I am trying to get the file size of every file in a directory and then remove all duplicate entries and thus should be left with four or five file sizes that I will then use later in my script.

Here are parts of the code:

Quote:

@files = `ls $indir`; # get files in the directory into array

foreach $files (@files)
{
chomp $files;
if ($files)
{
$filesize = -s $files;

@na = $filesize;
@uniq = uniq @na;
print "@uniq\n";

When I print the @uniq array I get the same output as I do by just printing the @na array. Any thoughts as to why the uniq is not stripping out the duplicate entries? I would expect the output below to just be three numbers.

Quote:

Output:
4807088
4807088
4807088
4807088
4807088
4807088
4807088
4807088
4807088
57683648
57683648
57683648
57683648
57683648
57683648
57683648
20

sundialsvcs · 01-23-2013, 02:06 PM

For all Perl-related questions, I suggest you pay a visit to http://www.perlmonks.org, where you will almost-instantly obtain an answer to all questions like these.

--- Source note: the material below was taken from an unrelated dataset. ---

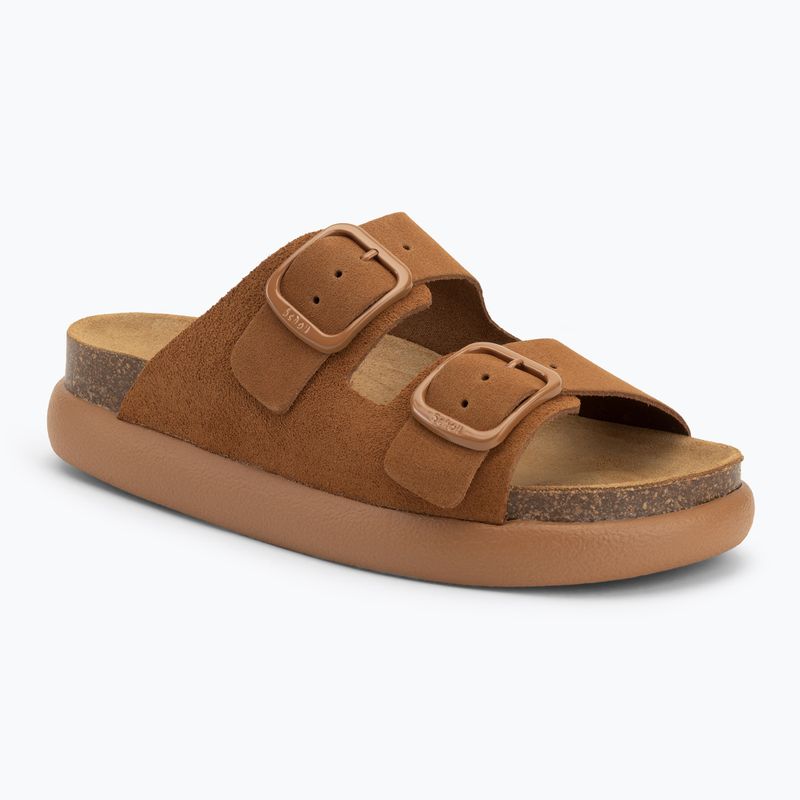 Dámské nazouváky Scholl Noelle Chunky Suede cognac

Since I haunt both places, I can say that by far the easiest way to do this is with a hash ... an associative array. Use a statement such as:
%myhash->{$filesize} = 1;

The only purpose of this statement is to define a key corresponding to the $filesize ... you don't care at all about the value assigned (which happens to be "1"). What you do know, however, is that every key in a hash is unique. Therefore, after you have processed all your files, you can now iterate through this hash with something like:
foreach my $size (keys (%myhash)) { ... }

The loop will iterate through the list of keys that exist ... each one of these keys corresponds to a file-size that was encountered, and occurs only once. Q.E.D.

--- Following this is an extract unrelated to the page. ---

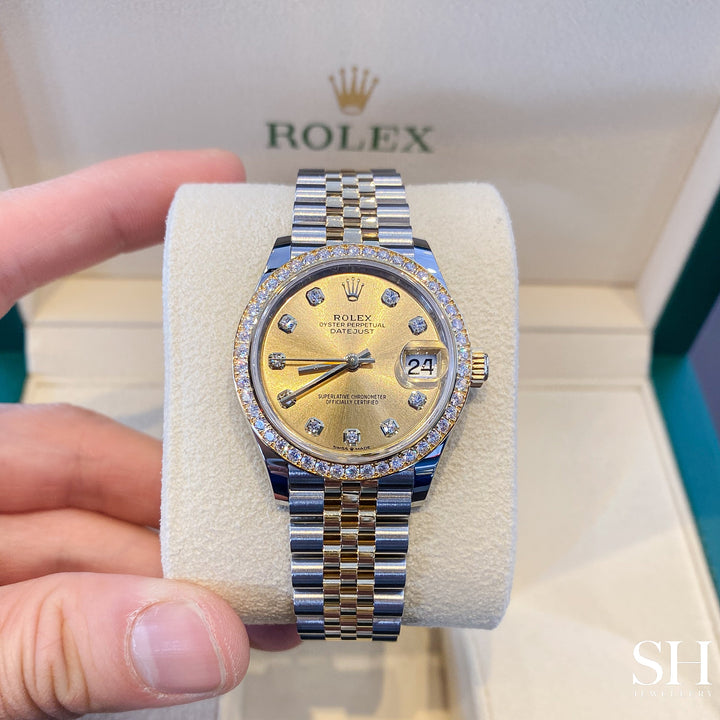 Rolex Datejust31 31mm Steel/YG Champagne Dial Diamond Markers 2024 Ref m278383rbr-0026 (#820)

Perl is a very rich and expressive language (despite its warts, which everybody knows to tolerate), with an enormous library of tested packages in its so-called CPAN library ... including packages to iterate through file-directories and so on.

You will in time discover why Perl is referred to as "the Swiss Army® Knife of practical programming." Take the time necessary to really get to know this tool in particular.

fl0 · 01-23-2013, 02:24 PM

Hi,

uniq is no perl function, where do you get the function? From List::MoreUtils ?

Hint: try

Code:

perldoc -q duplicate

regards fl0

d072330 · 01-23-2013, 02:34 PM

@sundialsvcs - thanks for the reply. I have not had the need to use keys yet so bare with me if I have more questions. Please and thank you!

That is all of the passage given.